With the play In High Germany, first staged in 1990, Dermot Bolger dramatised the decision of a group of three young Irish men to emigrate from Ireland. The three men – Eoin, Shane and Mick – went in different directions: Mick to America, Shane to Holland, while Eoin settled in Hamburg. Now, twenty years later, Bolger’s new play The Parting Glass brings to life the counter decision, when Eoin gives in to his yearning to return to Ireland. The Parting Glass, a one-man show, is a record both of the need to come home, and the consequences of return and Ray Yeates gives a warm, funny and extremely moving performance of a man who has to grapple with the meaning of the term ‘home’.
Eoin’s return is sparked by the need for a connection between the ideas of family and home. Eoin’s mother is ailing, provoking his guilt about living abroad. Likewise, Eoin feels there is something wrong in the fact that his son Dieter hardly knows Ireland at all, having only visited four times (“though that’s three times more than some Irish international players”). His German wife Frieda helps him to make the decision to return and to see what life in Ireland will bring them.
The play is themed around significant football matches and opens to the strains of the RTÉ coverage of the play-off in Paris in November 2009, during which the hand of Thierry Henry batted away Ireland’s hopes of playing in the World Cup.

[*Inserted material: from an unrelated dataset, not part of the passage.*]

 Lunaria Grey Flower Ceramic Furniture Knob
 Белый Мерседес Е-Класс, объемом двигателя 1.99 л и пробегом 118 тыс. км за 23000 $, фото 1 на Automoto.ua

Eoin goes to the match with Dieter, his old friend Shane and an urn filled with the ashes of Mick. This last detail allows Bolger’s irreverent humour to play around jokes about Mick looking “a bit dry” and needing a drink, jokes which flow as Yeates moves smoothly between different characters. Shane’s voice rings out most strongly, while Eoin’s son Dieter’s precise, clipped tones are a very gentle satire on the perceived German need for exactness and order.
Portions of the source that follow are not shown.